_Instructions for the task:_ Each line with the string "item" is to be copied from the records below.

_Provided records:_
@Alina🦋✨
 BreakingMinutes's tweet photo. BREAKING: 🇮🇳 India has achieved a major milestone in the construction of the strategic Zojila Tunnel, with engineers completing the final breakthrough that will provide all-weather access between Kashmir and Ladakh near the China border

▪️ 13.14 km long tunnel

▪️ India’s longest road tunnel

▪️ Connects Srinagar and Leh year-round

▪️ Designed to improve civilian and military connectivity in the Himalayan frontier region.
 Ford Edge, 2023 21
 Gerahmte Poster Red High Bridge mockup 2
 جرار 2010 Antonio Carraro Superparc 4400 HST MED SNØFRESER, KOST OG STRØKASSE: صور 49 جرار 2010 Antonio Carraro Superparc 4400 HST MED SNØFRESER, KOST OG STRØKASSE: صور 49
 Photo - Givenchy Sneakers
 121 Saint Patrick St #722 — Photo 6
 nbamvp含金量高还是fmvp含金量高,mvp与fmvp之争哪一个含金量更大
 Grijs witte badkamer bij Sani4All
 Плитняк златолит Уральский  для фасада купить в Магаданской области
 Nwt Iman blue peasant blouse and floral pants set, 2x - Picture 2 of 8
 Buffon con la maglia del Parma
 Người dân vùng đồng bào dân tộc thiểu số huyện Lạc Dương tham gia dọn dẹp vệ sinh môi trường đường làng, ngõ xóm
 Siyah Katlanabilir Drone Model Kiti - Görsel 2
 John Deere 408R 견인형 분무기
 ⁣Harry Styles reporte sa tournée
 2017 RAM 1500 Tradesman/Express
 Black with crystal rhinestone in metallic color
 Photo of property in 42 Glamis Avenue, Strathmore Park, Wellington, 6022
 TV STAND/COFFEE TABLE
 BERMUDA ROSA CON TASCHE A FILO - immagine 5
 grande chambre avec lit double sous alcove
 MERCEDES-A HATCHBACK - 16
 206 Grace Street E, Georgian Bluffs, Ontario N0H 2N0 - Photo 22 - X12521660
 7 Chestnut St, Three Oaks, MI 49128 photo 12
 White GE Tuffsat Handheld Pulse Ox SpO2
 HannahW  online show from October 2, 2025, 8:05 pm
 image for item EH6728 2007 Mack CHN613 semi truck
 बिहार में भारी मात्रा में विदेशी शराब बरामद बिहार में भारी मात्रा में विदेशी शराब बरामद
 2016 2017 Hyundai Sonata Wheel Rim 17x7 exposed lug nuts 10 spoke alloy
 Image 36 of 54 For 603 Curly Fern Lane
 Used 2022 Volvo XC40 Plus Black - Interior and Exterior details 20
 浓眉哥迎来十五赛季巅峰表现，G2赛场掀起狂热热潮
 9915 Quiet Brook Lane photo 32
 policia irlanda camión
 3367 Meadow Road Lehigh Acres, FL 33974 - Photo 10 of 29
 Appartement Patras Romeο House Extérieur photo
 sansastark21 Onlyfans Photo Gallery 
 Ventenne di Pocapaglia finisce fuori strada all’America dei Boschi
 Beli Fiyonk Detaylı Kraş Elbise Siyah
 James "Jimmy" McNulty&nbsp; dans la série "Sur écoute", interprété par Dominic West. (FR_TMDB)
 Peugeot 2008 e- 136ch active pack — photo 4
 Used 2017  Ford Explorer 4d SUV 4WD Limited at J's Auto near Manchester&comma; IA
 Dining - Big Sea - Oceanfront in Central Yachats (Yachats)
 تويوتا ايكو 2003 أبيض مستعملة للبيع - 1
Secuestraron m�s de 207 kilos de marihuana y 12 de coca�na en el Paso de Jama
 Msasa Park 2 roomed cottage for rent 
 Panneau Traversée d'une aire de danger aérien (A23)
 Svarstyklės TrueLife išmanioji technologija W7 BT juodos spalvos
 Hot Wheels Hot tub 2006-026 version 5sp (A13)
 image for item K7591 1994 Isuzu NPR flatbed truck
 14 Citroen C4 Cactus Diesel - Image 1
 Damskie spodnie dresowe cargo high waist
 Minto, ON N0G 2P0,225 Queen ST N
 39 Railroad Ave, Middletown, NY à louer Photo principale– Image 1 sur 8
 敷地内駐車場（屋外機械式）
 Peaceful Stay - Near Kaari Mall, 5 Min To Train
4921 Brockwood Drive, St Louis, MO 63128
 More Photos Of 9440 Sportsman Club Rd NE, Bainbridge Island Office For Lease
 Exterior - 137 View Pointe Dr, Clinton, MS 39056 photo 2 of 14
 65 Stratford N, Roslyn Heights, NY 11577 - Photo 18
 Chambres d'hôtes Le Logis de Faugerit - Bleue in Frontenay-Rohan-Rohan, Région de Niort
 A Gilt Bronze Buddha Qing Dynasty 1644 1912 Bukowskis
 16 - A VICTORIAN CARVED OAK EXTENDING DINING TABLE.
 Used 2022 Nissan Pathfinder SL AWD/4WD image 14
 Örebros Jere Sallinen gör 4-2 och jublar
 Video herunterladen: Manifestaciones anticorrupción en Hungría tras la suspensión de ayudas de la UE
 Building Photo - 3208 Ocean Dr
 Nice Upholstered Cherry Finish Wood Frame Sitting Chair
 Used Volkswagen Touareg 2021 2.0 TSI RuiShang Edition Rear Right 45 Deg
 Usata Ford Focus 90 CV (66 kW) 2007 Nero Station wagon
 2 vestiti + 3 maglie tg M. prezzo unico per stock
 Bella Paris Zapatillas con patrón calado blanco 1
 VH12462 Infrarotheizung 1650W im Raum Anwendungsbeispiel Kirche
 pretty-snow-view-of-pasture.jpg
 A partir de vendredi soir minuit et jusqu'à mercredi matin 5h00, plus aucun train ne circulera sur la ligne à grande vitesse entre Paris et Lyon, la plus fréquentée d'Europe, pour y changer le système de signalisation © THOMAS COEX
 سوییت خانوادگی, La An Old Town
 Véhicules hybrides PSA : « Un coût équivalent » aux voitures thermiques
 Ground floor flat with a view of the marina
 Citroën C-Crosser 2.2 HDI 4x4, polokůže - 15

_Exercise answer:_
 image for item EH6728 2007 Mack CHN613 semi truck
 image for item K7591 1994 Isuzu NPR flatbed truck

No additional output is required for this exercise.